* Problem to work on: Write all entries out exactly, images excluded.

* Data to use:
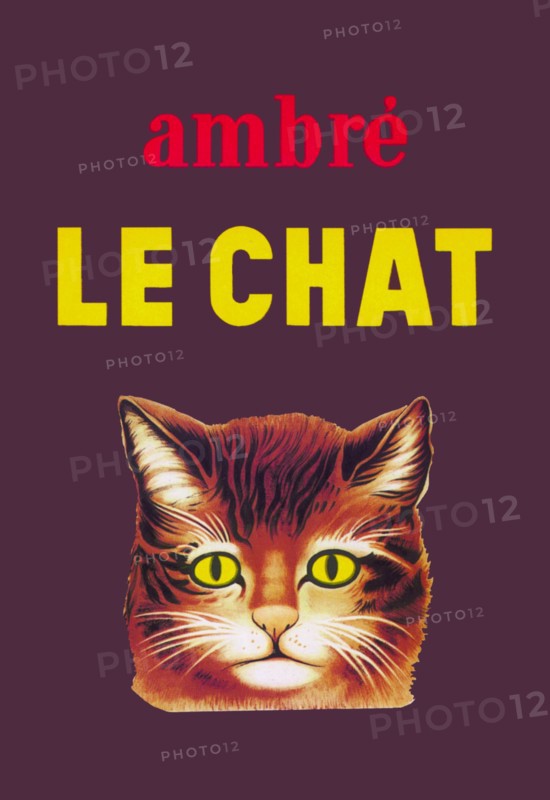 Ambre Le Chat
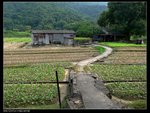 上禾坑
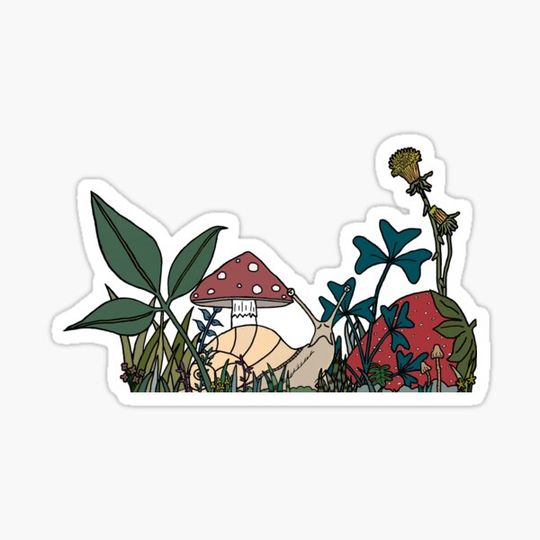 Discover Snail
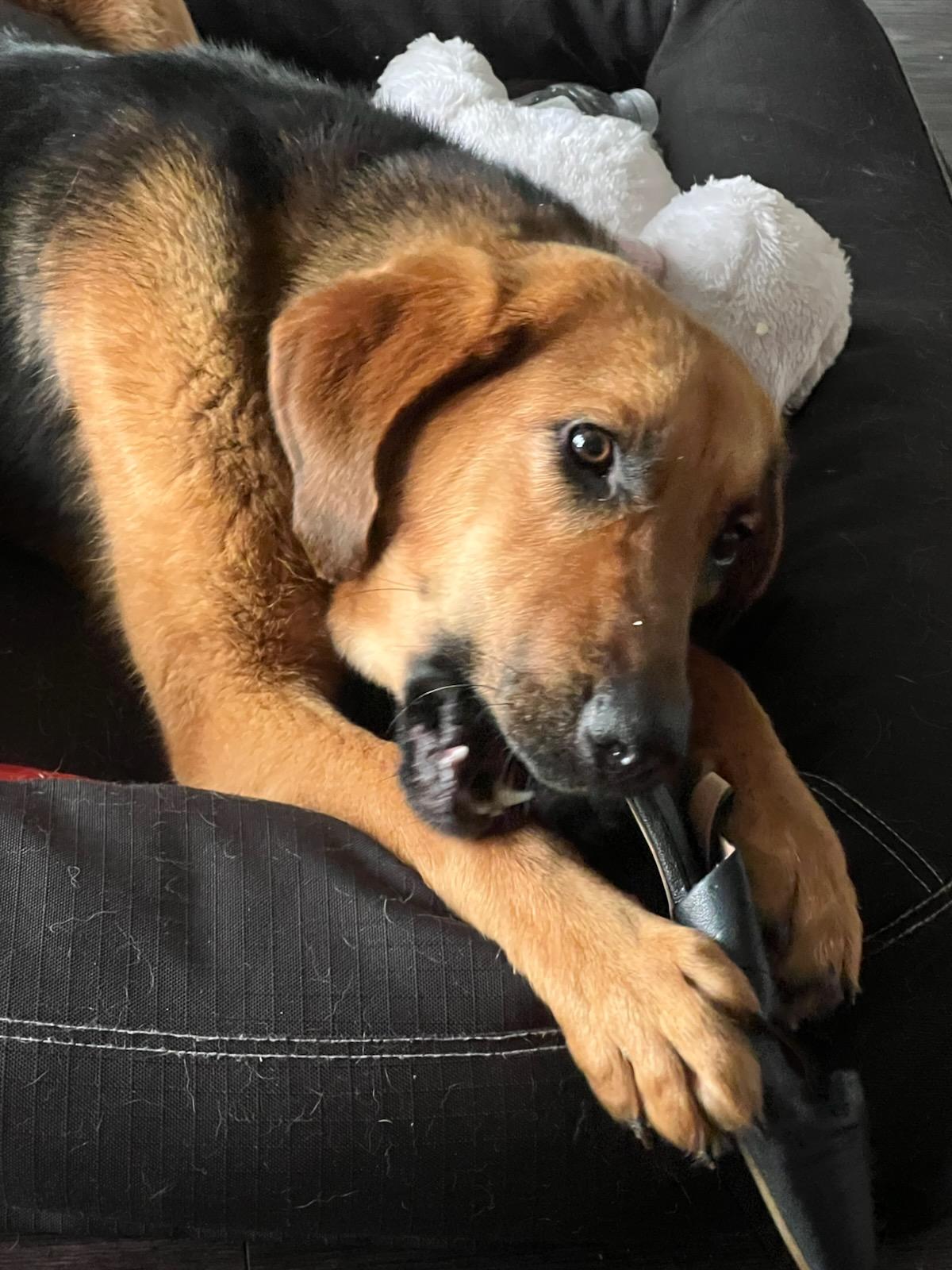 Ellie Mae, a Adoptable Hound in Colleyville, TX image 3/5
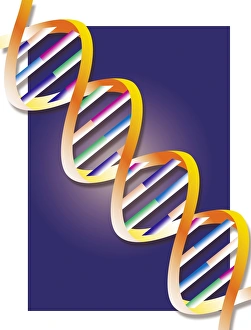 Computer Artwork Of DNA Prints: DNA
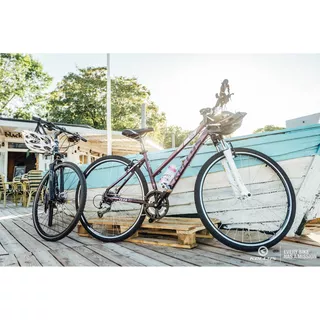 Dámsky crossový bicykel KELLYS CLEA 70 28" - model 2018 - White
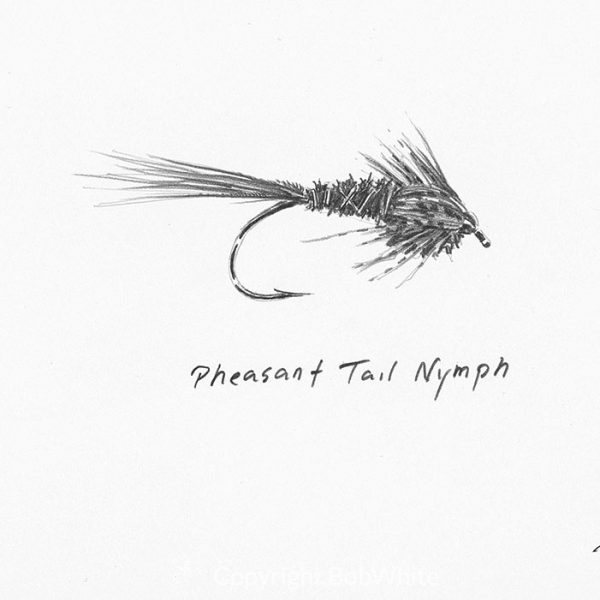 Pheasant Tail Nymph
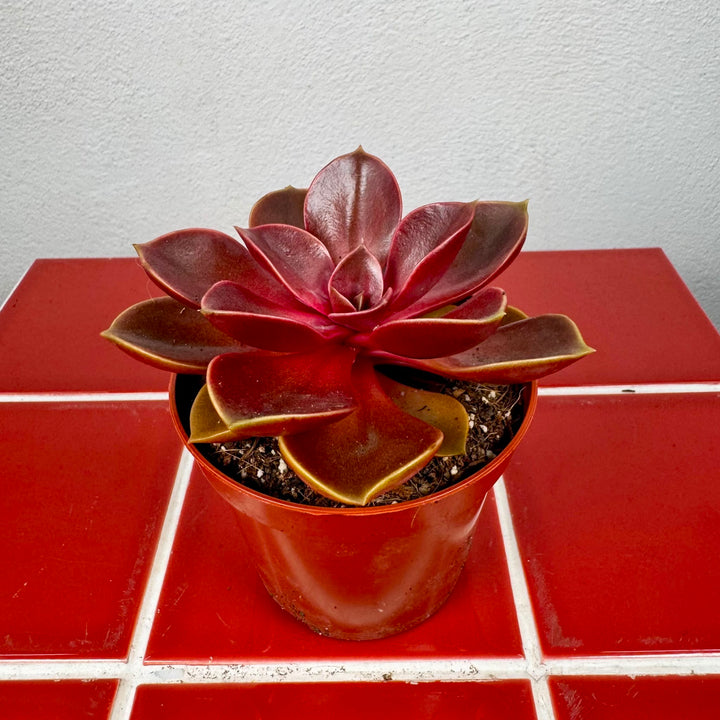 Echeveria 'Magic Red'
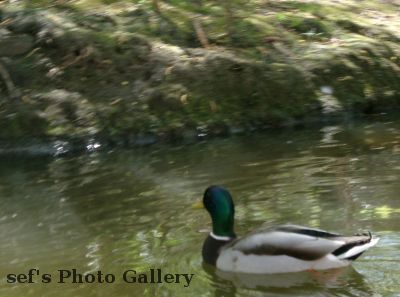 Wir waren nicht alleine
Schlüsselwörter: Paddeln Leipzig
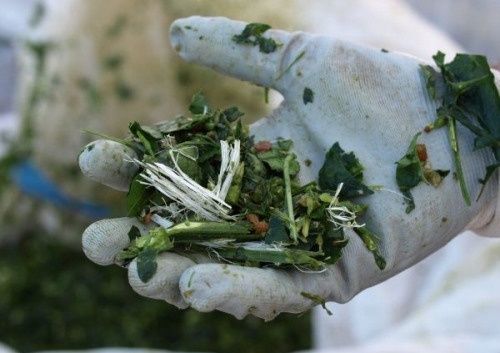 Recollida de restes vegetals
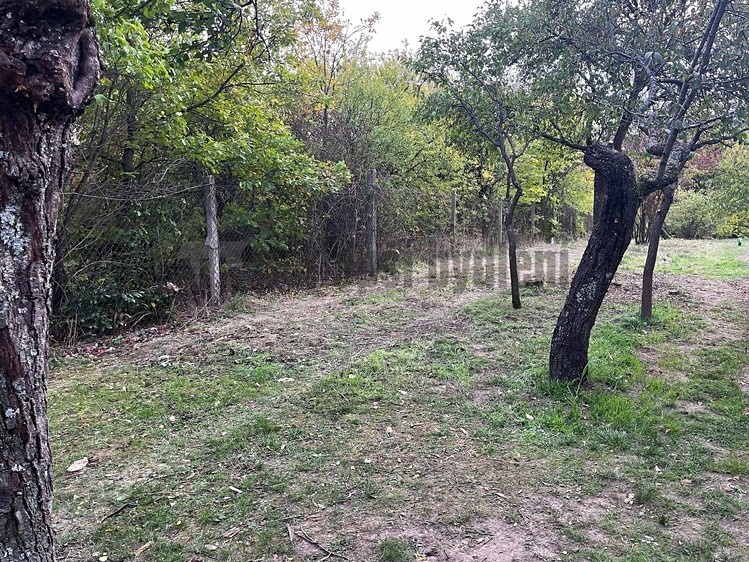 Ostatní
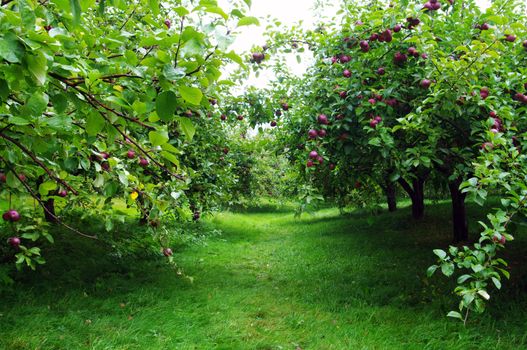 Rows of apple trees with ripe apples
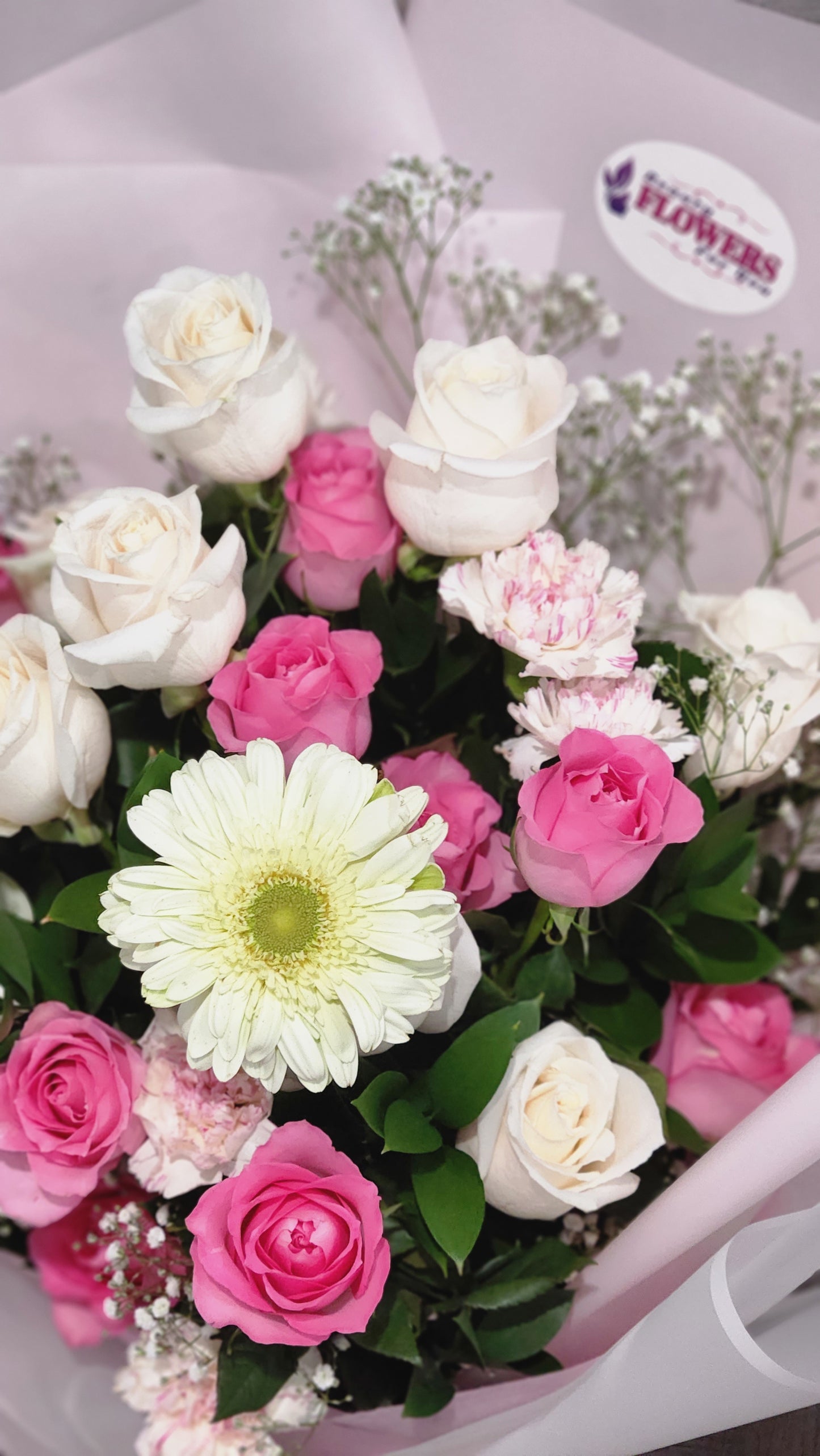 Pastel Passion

* The completed task:
 Ambre Le Chat
 上禾坑
 Discover Snail
 Ellie Mae, a Adoptable Hound in Colleyville, TX image 3/5
 Computer Artwork Of DNA Prints: DNA
 Dámsky crossový bicykel KELLYS CLEA 70 28" - model 2018 - White
 Pheasant Tail Nymph
 Echeveria 'Magic Red'
 Wir waren nicht alleine
Schlüsselwörter: Paddeln Leipzig
 Recollida de restes vegetals
 Ostatní
 Rows of apple trees with ripe apples
 Pastel Passion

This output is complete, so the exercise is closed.